The songstress, who has joined some artistes across the globe on a United Nations project to fight gender inequality, said this became evident following the controversy that surrounded her trip to 2014 FIFA World Cup in Brazil.
The United Nations project seeks to lead to reform in gender inequality and injustice, eradicating extreme poverty and climate change.
She cited the brouhaha that followed her nomination to perform at the Ghana village during the 2014 World Cup in Brazil with the Black Stars as an example sheer chauvinism.
“I am actually really unhappy about gender inequality because I am a typical example of that. I have experienced so much with some of the things I have done even from last year travelling to Brazil and coming back with so much controversy because they do not believe that a woman can go or do anything with merit, they believe it has to be through something,” she lamented.

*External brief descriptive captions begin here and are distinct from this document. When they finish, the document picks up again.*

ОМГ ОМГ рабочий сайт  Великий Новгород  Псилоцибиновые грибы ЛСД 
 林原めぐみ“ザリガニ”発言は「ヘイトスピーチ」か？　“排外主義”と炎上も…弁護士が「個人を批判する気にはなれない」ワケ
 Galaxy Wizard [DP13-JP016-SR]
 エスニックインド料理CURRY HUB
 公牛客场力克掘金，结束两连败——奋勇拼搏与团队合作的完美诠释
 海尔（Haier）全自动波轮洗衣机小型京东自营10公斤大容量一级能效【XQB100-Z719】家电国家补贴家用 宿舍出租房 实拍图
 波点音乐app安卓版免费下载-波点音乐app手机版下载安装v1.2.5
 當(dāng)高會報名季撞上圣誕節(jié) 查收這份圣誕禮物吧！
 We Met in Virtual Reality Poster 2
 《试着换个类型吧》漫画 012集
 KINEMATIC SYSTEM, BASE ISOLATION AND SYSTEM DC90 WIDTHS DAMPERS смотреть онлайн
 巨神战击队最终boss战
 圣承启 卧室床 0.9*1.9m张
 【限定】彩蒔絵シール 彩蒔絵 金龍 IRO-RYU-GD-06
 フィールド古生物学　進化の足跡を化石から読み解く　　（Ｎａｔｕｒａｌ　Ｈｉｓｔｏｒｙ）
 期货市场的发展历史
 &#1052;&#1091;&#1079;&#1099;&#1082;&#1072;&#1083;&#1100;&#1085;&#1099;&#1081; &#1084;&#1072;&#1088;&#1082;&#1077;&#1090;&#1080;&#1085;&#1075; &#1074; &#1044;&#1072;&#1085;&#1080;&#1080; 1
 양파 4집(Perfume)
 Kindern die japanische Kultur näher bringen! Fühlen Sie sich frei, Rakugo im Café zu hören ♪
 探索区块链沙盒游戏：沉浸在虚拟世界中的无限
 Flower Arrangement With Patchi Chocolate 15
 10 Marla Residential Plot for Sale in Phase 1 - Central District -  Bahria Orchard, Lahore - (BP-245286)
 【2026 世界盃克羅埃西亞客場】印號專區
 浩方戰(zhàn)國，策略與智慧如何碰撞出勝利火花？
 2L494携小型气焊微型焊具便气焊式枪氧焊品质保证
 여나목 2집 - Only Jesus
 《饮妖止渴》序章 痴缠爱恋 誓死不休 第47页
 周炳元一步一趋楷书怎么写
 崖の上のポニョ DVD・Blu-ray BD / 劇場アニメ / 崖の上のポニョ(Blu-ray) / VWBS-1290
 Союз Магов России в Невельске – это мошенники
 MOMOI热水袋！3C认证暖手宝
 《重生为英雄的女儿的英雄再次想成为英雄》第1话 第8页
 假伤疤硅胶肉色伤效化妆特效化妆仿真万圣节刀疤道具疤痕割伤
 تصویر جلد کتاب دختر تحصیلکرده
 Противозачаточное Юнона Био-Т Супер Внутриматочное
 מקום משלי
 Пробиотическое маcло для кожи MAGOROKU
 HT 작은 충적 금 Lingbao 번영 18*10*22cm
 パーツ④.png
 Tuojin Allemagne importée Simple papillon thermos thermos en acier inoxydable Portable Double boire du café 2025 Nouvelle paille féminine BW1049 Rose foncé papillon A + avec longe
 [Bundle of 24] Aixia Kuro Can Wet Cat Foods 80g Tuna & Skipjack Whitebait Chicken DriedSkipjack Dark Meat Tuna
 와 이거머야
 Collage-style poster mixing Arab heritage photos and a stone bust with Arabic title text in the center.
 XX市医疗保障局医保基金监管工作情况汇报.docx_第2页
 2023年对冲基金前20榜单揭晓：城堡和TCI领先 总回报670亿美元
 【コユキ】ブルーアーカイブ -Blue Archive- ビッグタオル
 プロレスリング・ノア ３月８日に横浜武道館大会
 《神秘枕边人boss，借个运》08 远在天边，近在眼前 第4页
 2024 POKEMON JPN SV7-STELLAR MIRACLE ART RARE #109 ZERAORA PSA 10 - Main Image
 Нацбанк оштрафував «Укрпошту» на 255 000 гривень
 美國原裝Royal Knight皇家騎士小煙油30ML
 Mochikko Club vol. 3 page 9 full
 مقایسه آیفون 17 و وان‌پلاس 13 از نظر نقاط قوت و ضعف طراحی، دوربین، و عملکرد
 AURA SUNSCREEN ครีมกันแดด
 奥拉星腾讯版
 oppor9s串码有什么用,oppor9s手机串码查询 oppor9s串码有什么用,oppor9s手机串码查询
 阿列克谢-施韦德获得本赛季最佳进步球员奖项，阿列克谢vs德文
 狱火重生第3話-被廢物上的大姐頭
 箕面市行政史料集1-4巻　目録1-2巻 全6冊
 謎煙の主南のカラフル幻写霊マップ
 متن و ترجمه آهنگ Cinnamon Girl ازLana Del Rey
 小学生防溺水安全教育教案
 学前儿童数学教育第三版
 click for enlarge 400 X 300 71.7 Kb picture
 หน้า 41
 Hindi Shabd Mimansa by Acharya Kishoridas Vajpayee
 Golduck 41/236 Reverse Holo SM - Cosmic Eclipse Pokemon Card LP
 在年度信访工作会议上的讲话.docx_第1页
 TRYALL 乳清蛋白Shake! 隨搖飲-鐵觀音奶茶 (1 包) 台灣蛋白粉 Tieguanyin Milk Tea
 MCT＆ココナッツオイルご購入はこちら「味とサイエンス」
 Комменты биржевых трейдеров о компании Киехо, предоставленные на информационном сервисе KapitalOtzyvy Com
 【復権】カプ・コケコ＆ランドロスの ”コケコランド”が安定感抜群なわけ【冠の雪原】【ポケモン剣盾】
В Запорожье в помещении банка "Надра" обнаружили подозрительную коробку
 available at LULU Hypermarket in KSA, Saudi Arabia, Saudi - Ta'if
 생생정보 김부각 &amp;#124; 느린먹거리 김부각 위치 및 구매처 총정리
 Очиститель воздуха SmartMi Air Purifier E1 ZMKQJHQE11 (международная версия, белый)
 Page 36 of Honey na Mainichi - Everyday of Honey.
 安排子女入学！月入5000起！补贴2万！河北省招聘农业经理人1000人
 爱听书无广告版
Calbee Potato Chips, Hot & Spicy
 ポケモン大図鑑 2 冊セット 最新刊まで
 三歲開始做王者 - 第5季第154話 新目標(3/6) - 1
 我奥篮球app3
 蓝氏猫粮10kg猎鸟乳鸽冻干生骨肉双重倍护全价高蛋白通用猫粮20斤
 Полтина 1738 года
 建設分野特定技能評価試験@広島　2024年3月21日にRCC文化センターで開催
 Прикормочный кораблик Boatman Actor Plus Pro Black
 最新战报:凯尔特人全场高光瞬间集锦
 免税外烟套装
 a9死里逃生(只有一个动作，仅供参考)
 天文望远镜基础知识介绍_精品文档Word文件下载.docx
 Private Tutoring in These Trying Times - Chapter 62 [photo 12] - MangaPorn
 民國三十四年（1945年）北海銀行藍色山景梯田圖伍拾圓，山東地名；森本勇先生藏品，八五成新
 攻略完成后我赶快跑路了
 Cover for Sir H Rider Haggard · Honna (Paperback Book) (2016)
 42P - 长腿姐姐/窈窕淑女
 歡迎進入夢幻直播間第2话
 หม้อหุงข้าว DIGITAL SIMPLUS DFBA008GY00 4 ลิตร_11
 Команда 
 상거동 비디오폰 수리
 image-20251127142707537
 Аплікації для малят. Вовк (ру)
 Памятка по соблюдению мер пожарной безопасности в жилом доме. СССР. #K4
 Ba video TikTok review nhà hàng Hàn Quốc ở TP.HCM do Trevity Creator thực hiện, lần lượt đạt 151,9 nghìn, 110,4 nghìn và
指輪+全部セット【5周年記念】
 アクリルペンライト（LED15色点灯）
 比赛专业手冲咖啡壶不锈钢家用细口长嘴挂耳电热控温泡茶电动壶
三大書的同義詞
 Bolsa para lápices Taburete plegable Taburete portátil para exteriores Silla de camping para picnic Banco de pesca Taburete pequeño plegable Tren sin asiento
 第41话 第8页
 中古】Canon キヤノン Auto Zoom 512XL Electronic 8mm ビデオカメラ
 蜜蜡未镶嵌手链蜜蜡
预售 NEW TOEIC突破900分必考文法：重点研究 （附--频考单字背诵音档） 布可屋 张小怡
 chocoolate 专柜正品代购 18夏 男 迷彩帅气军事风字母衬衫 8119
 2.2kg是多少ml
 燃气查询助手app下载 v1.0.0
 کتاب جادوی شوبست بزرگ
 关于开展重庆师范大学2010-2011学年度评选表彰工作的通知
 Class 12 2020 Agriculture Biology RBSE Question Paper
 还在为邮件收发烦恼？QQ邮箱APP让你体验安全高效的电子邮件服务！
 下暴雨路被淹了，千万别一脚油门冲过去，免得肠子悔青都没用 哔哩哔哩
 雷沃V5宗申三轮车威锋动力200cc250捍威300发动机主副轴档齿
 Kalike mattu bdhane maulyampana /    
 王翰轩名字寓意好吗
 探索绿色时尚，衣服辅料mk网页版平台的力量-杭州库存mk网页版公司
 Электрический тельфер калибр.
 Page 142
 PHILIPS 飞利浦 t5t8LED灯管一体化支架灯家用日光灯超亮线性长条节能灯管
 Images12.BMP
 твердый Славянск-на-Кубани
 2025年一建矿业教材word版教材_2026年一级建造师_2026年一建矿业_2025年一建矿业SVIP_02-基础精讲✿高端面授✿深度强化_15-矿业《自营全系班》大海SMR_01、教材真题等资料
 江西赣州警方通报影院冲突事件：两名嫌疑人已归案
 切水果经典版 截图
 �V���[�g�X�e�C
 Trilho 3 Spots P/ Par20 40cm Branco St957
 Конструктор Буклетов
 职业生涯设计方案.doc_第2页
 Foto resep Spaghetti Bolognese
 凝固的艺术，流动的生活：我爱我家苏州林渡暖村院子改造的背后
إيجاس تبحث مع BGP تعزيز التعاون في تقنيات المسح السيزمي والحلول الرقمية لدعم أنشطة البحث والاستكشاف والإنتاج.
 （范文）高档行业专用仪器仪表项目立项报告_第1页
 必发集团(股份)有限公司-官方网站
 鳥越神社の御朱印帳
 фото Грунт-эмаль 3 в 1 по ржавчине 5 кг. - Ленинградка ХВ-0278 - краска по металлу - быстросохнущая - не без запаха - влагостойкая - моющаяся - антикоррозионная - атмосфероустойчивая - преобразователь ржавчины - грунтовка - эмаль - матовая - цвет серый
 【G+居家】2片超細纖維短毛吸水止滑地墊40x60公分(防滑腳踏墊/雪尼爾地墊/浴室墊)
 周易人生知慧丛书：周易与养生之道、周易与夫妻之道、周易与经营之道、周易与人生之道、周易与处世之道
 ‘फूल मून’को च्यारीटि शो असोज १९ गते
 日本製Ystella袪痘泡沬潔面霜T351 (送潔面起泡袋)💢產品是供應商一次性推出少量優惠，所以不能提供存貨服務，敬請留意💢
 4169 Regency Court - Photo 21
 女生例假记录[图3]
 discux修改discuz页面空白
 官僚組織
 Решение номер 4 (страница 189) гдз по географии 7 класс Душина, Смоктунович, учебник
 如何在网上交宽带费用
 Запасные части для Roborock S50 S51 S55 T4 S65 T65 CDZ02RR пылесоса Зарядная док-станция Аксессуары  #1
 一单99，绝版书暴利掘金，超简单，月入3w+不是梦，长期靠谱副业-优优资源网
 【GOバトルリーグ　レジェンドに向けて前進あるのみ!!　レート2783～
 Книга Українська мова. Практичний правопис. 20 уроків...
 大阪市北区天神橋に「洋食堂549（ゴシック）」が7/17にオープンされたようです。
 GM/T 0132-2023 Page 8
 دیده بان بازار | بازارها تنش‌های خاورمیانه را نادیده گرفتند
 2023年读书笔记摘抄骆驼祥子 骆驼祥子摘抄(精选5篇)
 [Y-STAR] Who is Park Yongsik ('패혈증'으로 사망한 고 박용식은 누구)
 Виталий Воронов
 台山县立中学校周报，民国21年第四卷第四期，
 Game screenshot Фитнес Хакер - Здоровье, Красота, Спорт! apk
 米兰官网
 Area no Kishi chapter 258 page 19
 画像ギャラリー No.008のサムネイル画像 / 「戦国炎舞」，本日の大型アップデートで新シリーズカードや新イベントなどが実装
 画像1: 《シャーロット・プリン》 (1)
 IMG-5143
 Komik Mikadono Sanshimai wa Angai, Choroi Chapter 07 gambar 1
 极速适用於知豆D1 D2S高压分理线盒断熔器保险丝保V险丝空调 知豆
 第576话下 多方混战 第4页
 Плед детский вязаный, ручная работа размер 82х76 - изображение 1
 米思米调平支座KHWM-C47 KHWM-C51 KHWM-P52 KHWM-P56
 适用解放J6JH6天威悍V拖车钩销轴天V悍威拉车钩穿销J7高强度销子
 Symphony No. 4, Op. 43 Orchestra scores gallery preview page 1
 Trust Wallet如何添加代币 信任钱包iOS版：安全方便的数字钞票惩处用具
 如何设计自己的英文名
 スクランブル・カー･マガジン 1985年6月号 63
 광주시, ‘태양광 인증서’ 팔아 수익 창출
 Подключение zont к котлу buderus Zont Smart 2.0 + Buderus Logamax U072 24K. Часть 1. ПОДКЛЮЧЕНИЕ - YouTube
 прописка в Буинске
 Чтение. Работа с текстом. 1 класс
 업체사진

The development, she added, jolted her and she decided to spearhead the fight against inequality and injustice.
In the “Da Ke Da” singer’s opinion, people castigated her after the Brazil trip because it was men’s football and not a field for a woman to explore adding that it is unfortunate that Ghanaians are still stuck with the mentality that some things are for men only.
In the year 2000, some world leaders designed the Millennium Development Goals for the next 15 years. This year, 2015 marks the fifteenth year.
Becca revealed that, most of the goals have not been met and due to that, the eight goals have been broken into seventeen goals with climate change as the new addition.
Becca worried the discrimination against women in Africa has caused women to be timid.
“I think everyone was created in God’s image and likeness, we are equal to the men. There are certain things that obviously distinguish us which is most of the time our physical features but I know a lot of things that men have done that women have done as well and vice versa and so when it comes to this particular thing, I think it is not just about women being equal but it is also about men.”
According to her, as an ambassador for both genders, “I would definitely stand up for women more because I believe that a lot of women in Africa have been depressed and suppressed and it is about time we came out and revealed our strength.”
One hundred and ninety-three leaders across the globe will converge in New York on September 25 to endorse these seventeen goals.
To add a voice to the project, Becca has teamed up with other artistes, including rapper Sarkodie to record a song, ‘Tell Everybody’.
The song also features Yemi Alade (Nigeria), Mafikizolo (South Africa), Diamond Platnumz (Tanzania), Sauti Sol (Kenya) and Toofan (Togo). It is produced by visually impaired sound engineer, Cobhams from Nigeria.